In that same body of water clinging to the sullied coast, in the churning froth and whiplash speed, he enters the cave of a wave on the verge of crushing him. Blown out the other side in a blast of air, he emerges a “hero untouched”. That temporary free zone, that empowerment, is untrammeled by the sins of parents, cops, and teachers. Oozing with self-satisfied triumph, that incident is, despite the enthralling ego boost, a moment of utter isolation as well. He is like the figure in a 1957 poem by Stevie Smith that concludes, “I was much too far out all my life/ And not waving but drowning.”

Many readers might will be drawn to the dark sexual proclivities that shape the story: drunken chicken-hawk swingers disguised as neighbors needing lawn work devour teen Grisham; an elderly woman seeks furtive intercourse with Grisham in a crypt next to her husband’s ashes; and boy virgins gang-bang a young woman in an otherwise nondescript house during a pool party. These moments are not overly graphic and seedy. Grisham states them in a matter-of-fact, semi-detached voice, like a reporter from Dante’s void.

Other portions will make readers recoil and cringe, but they are not pornographic or overly morbid. Grisham is no moralist, either. He portrays humans in three categories: the barely good, the mostly bad, and the often ugly. These monsters do not stem from a vacuum, though. They emerge as byproducts of the decline and fall of the Me Generation — the detritus and flops of family units in the ’70s, which stir a breeding ground of despair.

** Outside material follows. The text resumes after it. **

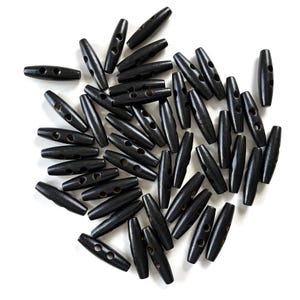 May include: A collection of black wooden toggle buttons, each with two holes for sewing. The buttons are oval-shaped and have a smooth, polished finish. They are scattered on a white background, creating a visually appealing arrangement.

Some readers will be baffled by the anger manifested in the land of plenty: others will recognize their own darker memories. In my suburbs, men drank beers with hands missing fingers that were chopped off at factories; drunken fathers held their families hostage with hunting rifles; gay high school guidance counselors were beaten and burned near the local woods; and all kinds of men stuck their fingers in children.

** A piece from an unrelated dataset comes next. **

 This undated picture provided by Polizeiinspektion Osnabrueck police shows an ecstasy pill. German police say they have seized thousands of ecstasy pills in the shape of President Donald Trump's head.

Grisham’s visions are not fringe, by any account. He just adds a punk sense of disarray and disorder to the mix. By the end of the narrative, he walks through a local wetland, finding a rare breed of consolation: connectivity to the things around him. A new woman enters his life, helping him steer through his sordid past, including the obvious turmoil and intransigence. He finally forges a sense of self that is not deadlocked to the past, though, as he admits, his daughter will view him as “left of left”. A few years ago, I witnessed this man.

I was broke and cold, filming TSOL through a slot in the metal back door of a sweat-drenched club in Eugene, Oregon. Grisham caught sight of me, yelled at security to let me in, then herded me on stage. I captured the last few songs while hunched next to the PA speaker, becoming an eyewitness to the throng of people catapulting themselves through the frenzy of each song. The band never missed a single frenetic beat.

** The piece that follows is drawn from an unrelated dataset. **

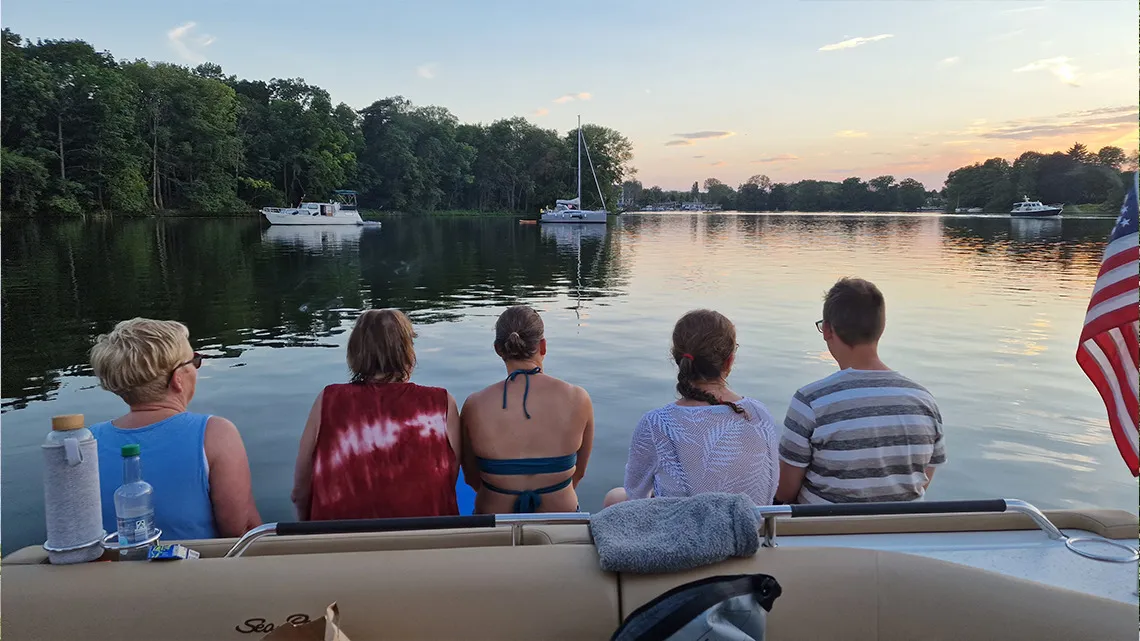 Fünf Personen sitzen gemeinsam auf einem Boot und genießen den Sonnenuntergang auf einem ruhigen See – Teamgefühl bei impeak.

After the gig, a sweat-drenched Grisham retreated to the back parking lot just as some young inebriated punks chased each other down the street, embroiled in fisticuffs. “C’mon Jack, some kid is getting his ass kicked. Come check it out!” one kid enthused. Grisham looked a bit pained and befuddled. The kid ran off, confused as hell why the Lord of the Flies wasn’t joining him. He didn’t realize the truth. Grisham was not their Lord, not their Demon.

This book navigates how Grisham shed that evil doppelganger, burned away the last cinders of that macabre and malevolent cocoon, and entered this new world cold and vulnerable, even as the stories bleed behind him. By the end, he has reclaimed his identity and staked himself in language and storytelling, where purgatory can give way to some tentative piety – not religiosity but a sense of dutifulness. He has the duty to wake up and seize the day, as he once conferred to me in an email, because “it is your choice.”